= Lithuanian Chamber Orchestra =

The Lithuanian Chamber Orchestra (LCO) (Lietuvos kamerinis orkestras (LKO)) is a chamber orchestra based in Vilnius, Lithuania. It was established by Saulius Sondeckis in 1960, giving its first performance on April 30, 1960. Along with the Lithuanian National Symphony Orchestra, the Čiurlionis Quartet, early music ensemble Musica Humana and the Vilnius String Quartet, the LCO is a resident group of the National Philharmonic Hall.

== About ==
The orchestra generally performs works of Lithuanian composers, and premiered works by Alfred Schnittke, Arvo Pärt and Pēteris Vasks. It is also said to have a "special affinity for the works of Bach and Mozart." Until 2004, the LCO was part of the Lithuanian National Philharmonic Society, but in that year, it gained independent status. Saulius Sondeckis served as Artistic Director and Chief Conductor from its inception in 1960 until 2004 and violinist Sergei Krylov was appointed in 2008. Yehudi Menuhin has conducted its choral-orchestral works.

The LCO was the first Lithuanian orchestra to make its debut in the West at the Echternach Festival in Luxembourg in 1976. The orchestra has toured most European countries, the USA, Japan, Argentina, Cuba, Canada, Egypt, and South Africa.
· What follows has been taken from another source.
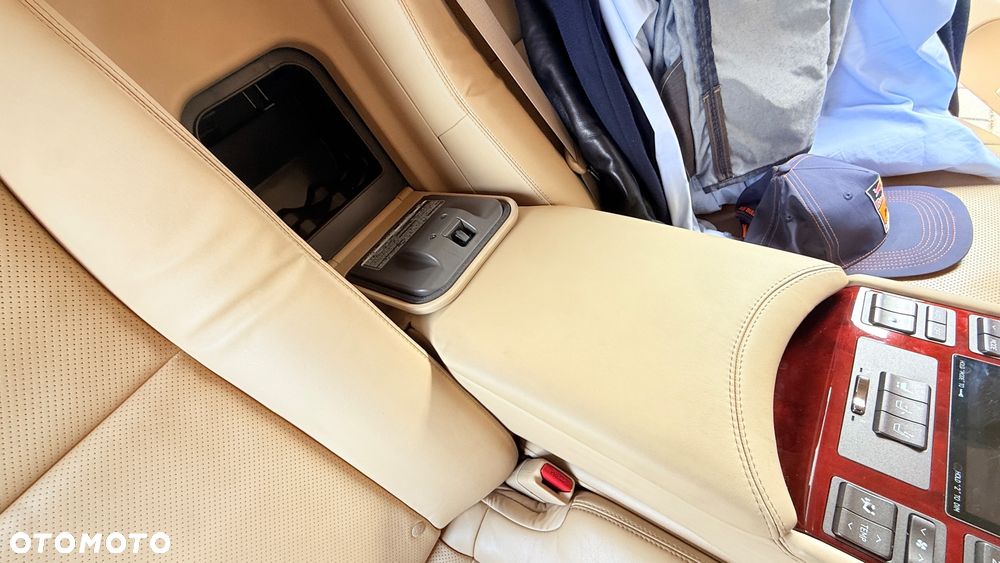 Lexus LS - 31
It has performed at prestigious venues such as the Musikverein in Vienna, Royal Festival in London, Santa Cecilia in Rome, Auditorium di Milano in Milan, Concertgebouw in Amsterdam and many other famous concert halls and festivals in Europe. Joachim W. Hartnack in his book, Grosser Geiger unserer Zeit, has ranked the Lithuanian Chamber Orchestra as among "the three most masterly orchestras of the world". In 1976 the orchestra won the gold medal at the Herbert von Karajan Contest of Youth Orchestras in Berlin.